Saving our History
In the corner stands an ancient corner hutch. Made of pine and covered with the patina of age, I rescued this dubious treasure from a crumbling wreck of what was once a proud pioneer home.
In the hutch, a small triangular shelf holds what passes for my collection of kitchen recipes, hints and manuals. Regardless of the wide variety of small recipe collections that I insist on toting home from every 4-H display, church potluck and Firehouse feed, I faithfully return to the one and only Betty Crocker cookbook, which evokes with every meal, fond memories of my formative years.
Next to the Betty Crocker is a battered and ragged spiral photo album. Gracing it’s cover is an expectant gray kitten posing prettily in a psychadelic display of flowers, ala 1972. Cleverly disguised by this charming sight, is a collection of recipes, meticulously clipped from The Daily Interlake over the course of many years. As far as I can remember, we never sampled any of these apparently alluring concoctions.
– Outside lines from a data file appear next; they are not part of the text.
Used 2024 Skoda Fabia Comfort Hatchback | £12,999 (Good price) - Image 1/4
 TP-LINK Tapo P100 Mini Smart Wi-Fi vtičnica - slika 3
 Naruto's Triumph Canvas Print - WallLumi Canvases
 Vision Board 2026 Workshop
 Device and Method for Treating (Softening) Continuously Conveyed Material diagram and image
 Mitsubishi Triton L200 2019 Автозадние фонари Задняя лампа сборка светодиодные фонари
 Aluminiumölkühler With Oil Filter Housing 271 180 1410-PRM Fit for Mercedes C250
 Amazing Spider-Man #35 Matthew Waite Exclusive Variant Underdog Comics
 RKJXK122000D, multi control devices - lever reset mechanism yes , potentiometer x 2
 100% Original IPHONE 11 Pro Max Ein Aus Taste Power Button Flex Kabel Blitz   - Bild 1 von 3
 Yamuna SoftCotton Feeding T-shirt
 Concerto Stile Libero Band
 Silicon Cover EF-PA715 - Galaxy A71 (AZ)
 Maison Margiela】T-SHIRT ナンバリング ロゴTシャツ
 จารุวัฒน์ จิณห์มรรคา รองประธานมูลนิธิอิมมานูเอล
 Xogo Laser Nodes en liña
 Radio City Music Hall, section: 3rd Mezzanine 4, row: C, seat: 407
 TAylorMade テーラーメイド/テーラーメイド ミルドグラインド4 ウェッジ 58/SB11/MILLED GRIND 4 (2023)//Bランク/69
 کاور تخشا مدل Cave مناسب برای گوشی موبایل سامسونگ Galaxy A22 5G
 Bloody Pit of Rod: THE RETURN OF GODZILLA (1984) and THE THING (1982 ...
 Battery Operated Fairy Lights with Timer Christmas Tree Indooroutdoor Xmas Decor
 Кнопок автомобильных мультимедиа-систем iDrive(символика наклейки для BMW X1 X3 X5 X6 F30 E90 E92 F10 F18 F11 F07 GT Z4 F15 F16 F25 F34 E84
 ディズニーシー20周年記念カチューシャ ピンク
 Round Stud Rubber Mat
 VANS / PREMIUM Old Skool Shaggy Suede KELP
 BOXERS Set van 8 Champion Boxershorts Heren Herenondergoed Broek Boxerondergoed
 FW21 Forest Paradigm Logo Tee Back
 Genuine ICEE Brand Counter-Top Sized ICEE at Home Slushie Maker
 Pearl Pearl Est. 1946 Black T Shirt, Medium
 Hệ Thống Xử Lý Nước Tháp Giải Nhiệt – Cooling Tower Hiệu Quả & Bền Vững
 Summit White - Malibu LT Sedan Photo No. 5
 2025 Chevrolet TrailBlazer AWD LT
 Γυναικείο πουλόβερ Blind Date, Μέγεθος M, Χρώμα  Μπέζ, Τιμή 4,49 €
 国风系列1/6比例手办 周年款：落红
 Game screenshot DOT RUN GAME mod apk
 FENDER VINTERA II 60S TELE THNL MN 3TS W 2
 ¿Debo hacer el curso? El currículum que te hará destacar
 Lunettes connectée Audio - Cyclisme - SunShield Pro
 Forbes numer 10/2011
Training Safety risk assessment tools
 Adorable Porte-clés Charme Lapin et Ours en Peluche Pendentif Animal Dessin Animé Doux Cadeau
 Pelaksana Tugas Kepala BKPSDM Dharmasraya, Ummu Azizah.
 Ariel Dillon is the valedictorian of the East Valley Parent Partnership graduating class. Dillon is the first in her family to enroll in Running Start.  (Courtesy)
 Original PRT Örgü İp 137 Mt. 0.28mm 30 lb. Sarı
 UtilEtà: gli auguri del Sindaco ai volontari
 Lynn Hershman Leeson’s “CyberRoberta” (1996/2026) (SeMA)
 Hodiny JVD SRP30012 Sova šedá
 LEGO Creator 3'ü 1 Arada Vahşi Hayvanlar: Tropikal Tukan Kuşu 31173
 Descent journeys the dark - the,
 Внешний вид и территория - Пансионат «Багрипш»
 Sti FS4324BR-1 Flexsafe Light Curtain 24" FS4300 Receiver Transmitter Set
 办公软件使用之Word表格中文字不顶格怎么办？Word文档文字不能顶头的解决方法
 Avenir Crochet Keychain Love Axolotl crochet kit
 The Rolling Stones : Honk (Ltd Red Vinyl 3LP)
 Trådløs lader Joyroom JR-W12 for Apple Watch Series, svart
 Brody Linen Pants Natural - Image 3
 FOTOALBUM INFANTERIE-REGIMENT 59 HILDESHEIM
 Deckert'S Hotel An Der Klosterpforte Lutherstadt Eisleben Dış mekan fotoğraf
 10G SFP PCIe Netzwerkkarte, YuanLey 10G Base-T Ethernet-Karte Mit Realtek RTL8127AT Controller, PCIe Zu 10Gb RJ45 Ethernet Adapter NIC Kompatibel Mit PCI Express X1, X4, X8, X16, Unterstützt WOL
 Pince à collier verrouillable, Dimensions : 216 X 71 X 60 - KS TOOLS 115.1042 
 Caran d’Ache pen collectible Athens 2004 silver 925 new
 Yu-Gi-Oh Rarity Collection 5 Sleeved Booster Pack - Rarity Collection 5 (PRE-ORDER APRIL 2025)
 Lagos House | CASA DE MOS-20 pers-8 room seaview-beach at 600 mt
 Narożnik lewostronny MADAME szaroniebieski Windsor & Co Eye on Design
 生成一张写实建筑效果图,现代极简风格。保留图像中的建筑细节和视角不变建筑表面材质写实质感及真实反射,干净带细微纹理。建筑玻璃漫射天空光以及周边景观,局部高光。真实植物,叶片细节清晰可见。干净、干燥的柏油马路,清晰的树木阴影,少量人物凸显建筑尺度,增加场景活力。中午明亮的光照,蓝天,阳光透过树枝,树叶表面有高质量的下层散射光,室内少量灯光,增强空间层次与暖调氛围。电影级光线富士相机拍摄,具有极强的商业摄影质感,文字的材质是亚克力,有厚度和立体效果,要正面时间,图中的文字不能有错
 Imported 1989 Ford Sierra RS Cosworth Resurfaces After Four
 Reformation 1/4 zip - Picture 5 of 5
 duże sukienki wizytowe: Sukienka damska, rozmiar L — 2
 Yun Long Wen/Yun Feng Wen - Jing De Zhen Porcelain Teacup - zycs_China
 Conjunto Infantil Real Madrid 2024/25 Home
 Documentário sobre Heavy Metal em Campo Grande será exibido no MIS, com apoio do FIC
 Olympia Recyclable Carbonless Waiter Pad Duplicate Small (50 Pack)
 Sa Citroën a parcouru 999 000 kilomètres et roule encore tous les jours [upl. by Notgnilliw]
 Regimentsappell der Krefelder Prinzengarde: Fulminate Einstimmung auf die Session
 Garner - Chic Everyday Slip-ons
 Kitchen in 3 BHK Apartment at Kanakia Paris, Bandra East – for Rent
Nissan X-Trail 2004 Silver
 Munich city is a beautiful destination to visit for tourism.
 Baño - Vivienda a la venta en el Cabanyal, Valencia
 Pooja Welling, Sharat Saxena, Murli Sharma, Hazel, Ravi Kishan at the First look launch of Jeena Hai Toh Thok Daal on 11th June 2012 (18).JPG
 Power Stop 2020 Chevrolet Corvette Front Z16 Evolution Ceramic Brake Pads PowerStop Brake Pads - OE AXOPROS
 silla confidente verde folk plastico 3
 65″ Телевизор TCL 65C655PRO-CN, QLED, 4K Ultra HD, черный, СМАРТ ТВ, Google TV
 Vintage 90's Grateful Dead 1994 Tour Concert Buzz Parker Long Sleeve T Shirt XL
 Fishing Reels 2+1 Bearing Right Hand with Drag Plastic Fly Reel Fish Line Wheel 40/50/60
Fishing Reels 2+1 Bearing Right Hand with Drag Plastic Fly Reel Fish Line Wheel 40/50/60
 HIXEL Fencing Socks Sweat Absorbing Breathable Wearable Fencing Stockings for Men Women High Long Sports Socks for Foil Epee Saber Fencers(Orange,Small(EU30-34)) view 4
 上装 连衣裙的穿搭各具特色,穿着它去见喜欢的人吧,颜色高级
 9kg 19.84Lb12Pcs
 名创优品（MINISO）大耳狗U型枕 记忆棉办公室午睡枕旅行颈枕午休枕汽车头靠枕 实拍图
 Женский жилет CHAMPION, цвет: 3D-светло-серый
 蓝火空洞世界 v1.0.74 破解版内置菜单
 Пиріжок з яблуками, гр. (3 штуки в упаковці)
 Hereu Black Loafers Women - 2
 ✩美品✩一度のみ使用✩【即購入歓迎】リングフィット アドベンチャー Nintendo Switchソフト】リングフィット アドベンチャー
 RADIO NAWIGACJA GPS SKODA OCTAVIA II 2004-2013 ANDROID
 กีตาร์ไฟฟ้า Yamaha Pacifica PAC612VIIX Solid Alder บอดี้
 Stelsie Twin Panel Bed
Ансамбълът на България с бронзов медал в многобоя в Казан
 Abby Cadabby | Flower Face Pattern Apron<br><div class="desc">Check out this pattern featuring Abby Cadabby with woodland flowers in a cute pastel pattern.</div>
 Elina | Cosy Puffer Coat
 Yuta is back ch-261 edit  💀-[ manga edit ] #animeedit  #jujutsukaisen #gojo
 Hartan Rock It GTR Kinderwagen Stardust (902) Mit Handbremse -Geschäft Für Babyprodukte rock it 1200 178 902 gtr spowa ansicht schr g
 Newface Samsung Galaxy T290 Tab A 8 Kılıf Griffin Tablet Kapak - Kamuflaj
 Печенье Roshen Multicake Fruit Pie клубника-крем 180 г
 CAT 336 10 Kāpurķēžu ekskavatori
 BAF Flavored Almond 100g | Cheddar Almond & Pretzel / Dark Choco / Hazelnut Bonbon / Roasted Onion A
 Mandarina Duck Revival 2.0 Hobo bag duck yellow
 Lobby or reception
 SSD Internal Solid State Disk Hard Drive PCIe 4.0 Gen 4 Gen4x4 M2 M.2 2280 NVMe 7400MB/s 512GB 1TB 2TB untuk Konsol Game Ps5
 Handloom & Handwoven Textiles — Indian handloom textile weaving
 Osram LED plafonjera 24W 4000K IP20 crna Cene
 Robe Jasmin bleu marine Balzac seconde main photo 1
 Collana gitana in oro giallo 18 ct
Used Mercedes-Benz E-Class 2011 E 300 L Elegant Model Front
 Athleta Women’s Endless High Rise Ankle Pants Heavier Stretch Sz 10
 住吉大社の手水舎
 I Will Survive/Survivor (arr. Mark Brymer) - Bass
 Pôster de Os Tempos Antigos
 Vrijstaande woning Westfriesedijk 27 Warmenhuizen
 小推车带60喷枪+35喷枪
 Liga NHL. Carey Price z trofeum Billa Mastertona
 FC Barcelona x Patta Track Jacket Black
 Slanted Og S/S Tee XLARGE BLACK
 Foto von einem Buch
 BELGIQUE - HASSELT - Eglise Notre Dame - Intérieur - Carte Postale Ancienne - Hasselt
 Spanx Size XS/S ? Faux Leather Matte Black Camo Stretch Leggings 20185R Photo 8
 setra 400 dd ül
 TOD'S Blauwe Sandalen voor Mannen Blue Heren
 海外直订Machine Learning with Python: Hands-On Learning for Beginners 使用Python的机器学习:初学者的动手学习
However, it is reassuring to realize that my penchant for collecting recipes I will never actually prepare, is genetic, rather than some as yet un-named psychological condition for which I’ll require numerous sessions with a professional who specializes in recovery from “an addiction to useless collections”.
These sentimental memories never fail to invoke a strong desire to preserve my past. But not just the memories themselves - the actual skills that so many earlier generations shared: Carpentry, mechanics, gardening, leather-working, animal husbandry, crafts, home-making skills such as cooking, baking, canning, preserving, and sewing. And, of course, family-building. Teaching your children their heritage, our history, fine arts and math – whatever can help build them into responsible, well-rounded and productive members of society, who won’t discard their elders’ knowledge and experiences, but collect, cherish and use those assets.
According to the National Association of Scholars (NAS) on a recent blog post, “generations of students working their way through the upper reaches of the American educational system may be bypassing the one field of study which for over 200 years had succeeded in establishing two crucial cornerstones of the American legacy: it bonded us together as a nation, instilling in all of us a common heritage, a common body of tradition, and most important of all, a common set of proclaimed values; and it equipped us to exercise the responsibilities of active and responsible citizenship which was and is our only source of leverage in limiting the powers of central government.” This statement resulted from the recent assertion by Fox News that “Of the 29 top-ranked liberal arts colleges, only the United States Air Force Academy, the United States Military Academy, and the United States Naval Academy require a survey course in American history.” The blog post goes on to assert “The bonding experience brought about by the awareness, appreciation and pride that are the positive byproducts of comprehending the implications of American history in all its dimensions is invaluable.
History, learned and remembered through the skills, knowledge and community - THAT is what a western girl is all about. Not relying on others to solve problems, but wanting to learn as many skills as she can to solve any issues herself. Adding to that, she seeks out and then shares, knowledge in its many forms: history, how-to & why; When and what’s best; Who did what… And, she recognized the value of diversity – it’s essentialness to a strong and interesting community.
So, welcome to the site that we hope will be a repository for all things western, historical and cherished. Please share your knowledge, questions and comments – we can all learn from each other and work together to strengthen and preserve our national culture and heritage.